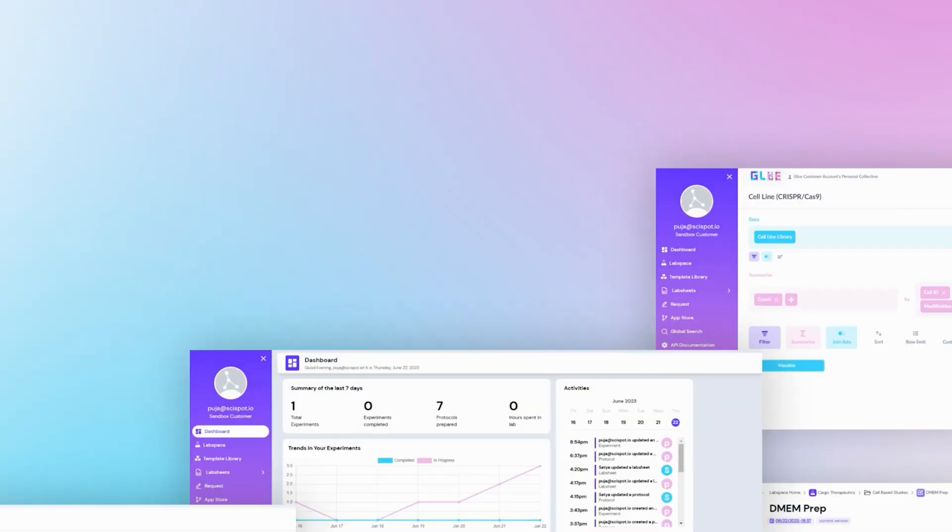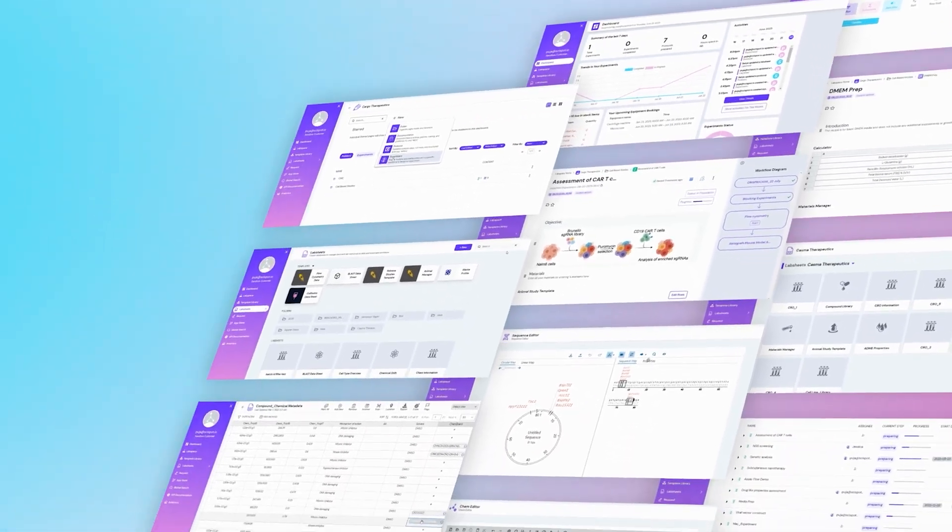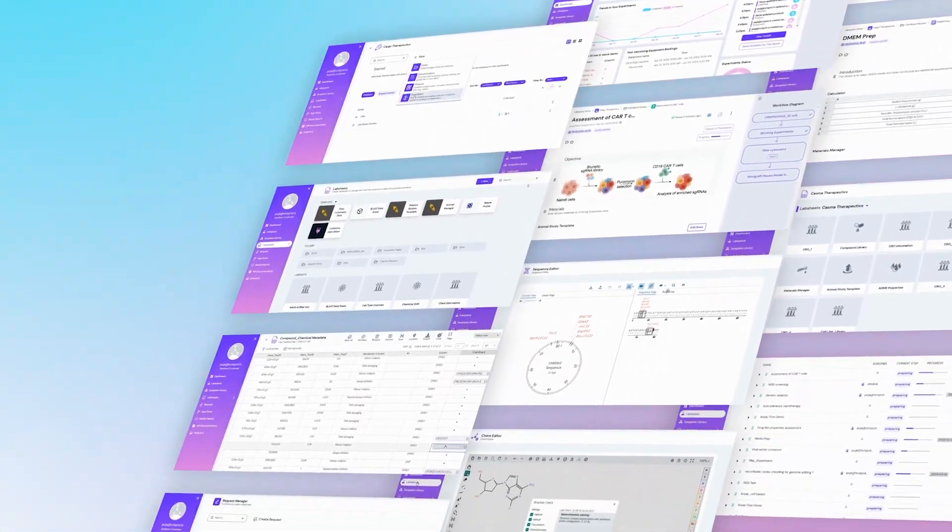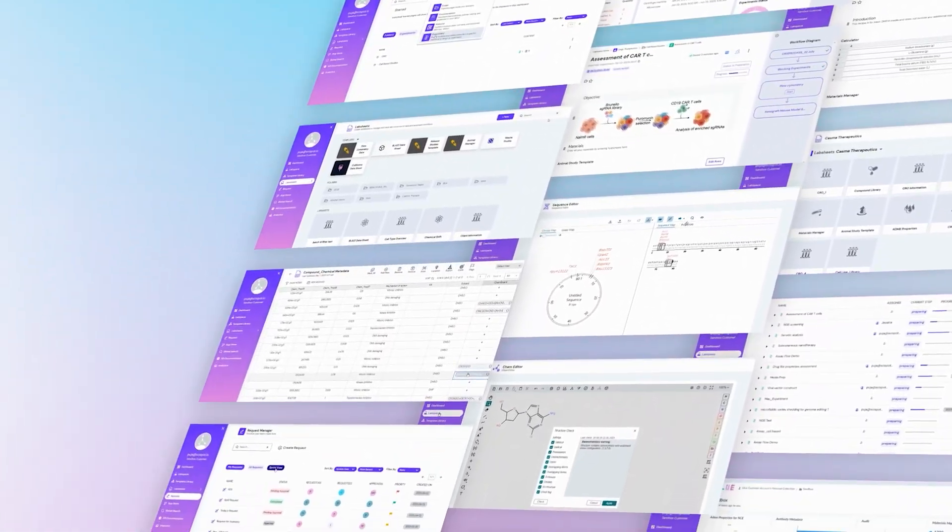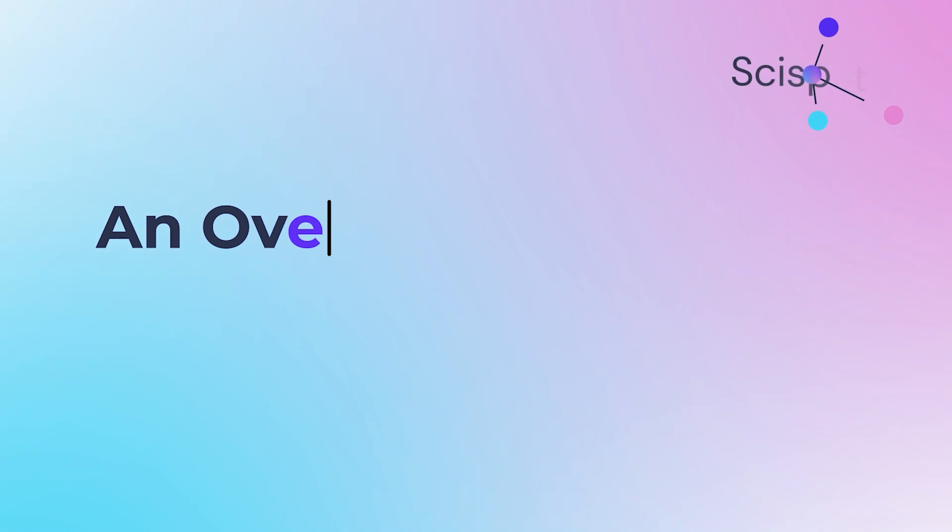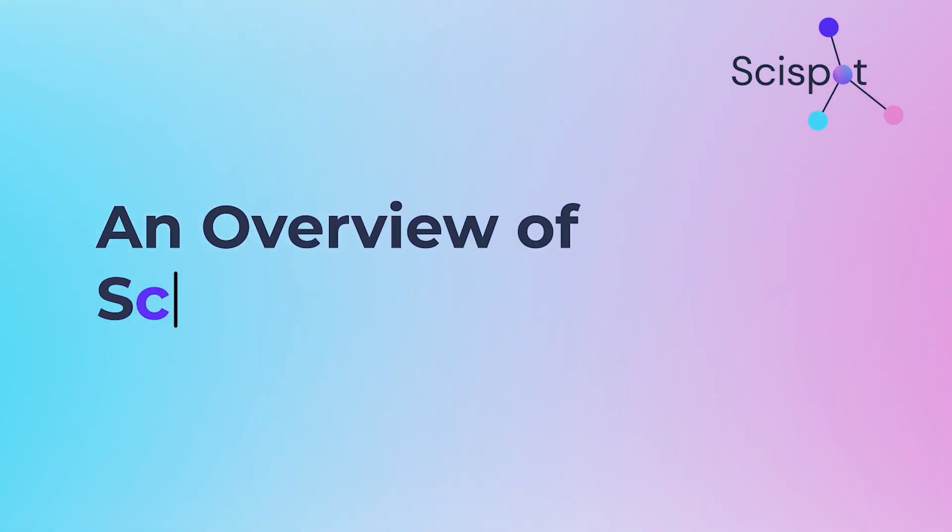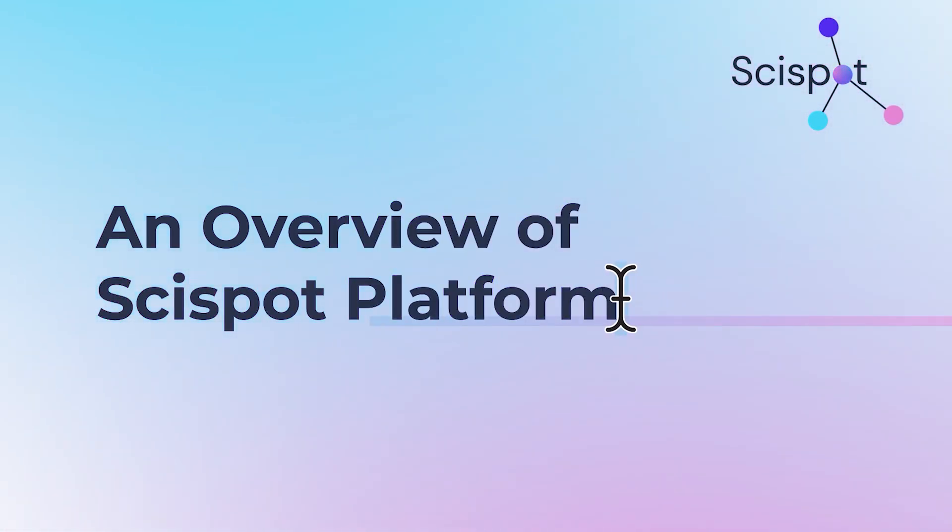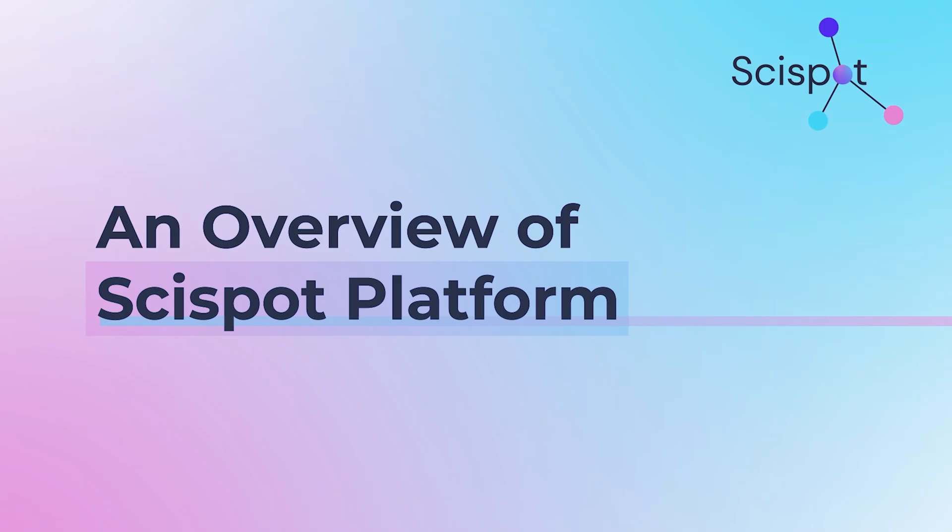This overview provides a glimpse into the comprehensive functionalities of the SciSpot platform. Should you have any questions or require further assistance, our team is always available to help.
◇ ◇ ◇ ◇ ◇ ◇ ◇
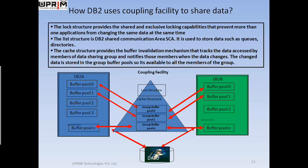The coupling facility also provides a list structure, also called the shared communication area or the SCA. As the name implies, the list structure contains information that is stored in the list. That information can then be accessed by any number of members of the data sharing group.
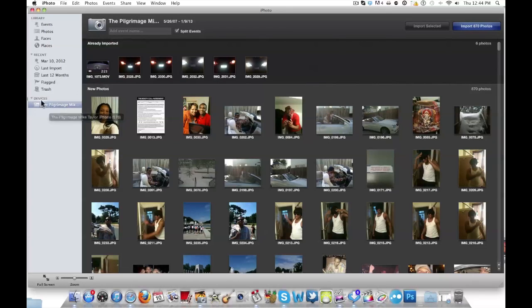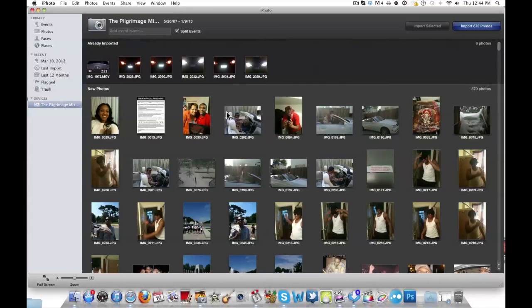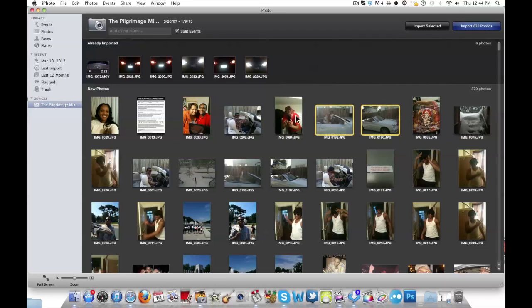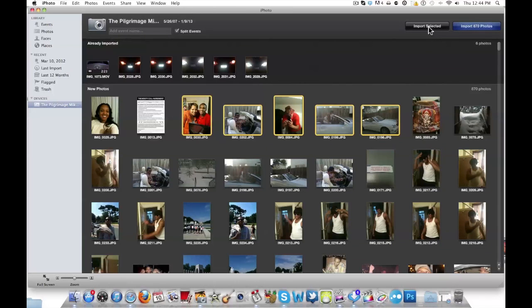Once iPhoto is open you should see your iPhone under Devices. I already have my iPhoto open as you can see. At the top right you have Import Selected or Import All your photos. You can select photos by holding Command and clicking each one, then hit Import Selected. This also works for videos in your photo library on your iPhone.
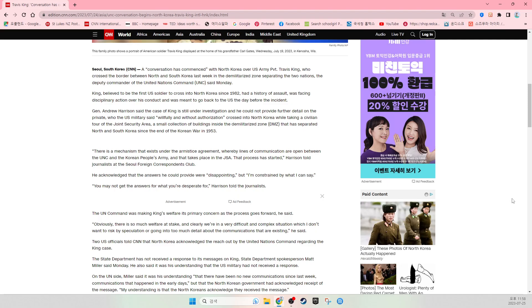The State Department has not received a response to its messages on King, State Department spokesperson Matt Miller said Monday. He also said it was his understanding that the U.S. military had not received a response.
◇ ◇ ◇ ◇ ◇ ◇ ◇
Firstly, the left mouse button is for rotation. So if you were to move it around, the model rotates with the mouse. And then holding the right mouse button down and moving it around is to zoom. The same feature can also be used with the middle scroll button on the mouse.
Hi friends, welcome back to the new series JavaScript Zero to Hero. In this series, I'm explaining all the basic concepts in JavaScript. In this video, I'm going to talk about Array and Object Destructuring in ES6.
◇ ◇ ◇ ◇ ◇ ◇ ◇
WHAT YOU NEED TO DO => In the listing above, find the line with "The coupling facility" and the line with "The State Department". Transcribe those two and everything between, exactly, leaving out pictures.

SOLUTION TO THIS TASK =>
The coupling facility also provides a list structure, also called the shared communication area or the SCA. As the name implies, the list structure contains information that is stored in the list. That information can then be accessed by any number of members of the data sharing group.
Once iPhoto is open you should see your iPhone under Devices. I already have my iPhoto open as you can see. At the top right you have Import Selected or Import All your photos. You can select photos by holding Command and clicking each one, then hit Import Selected. This also works for videos in your photo library on your iPhone.
The State Department has not received a response to its messages on King, State Department spokesperson Matt Miller said Monday. He also said it was his understanding that the U.S. military had not received a response.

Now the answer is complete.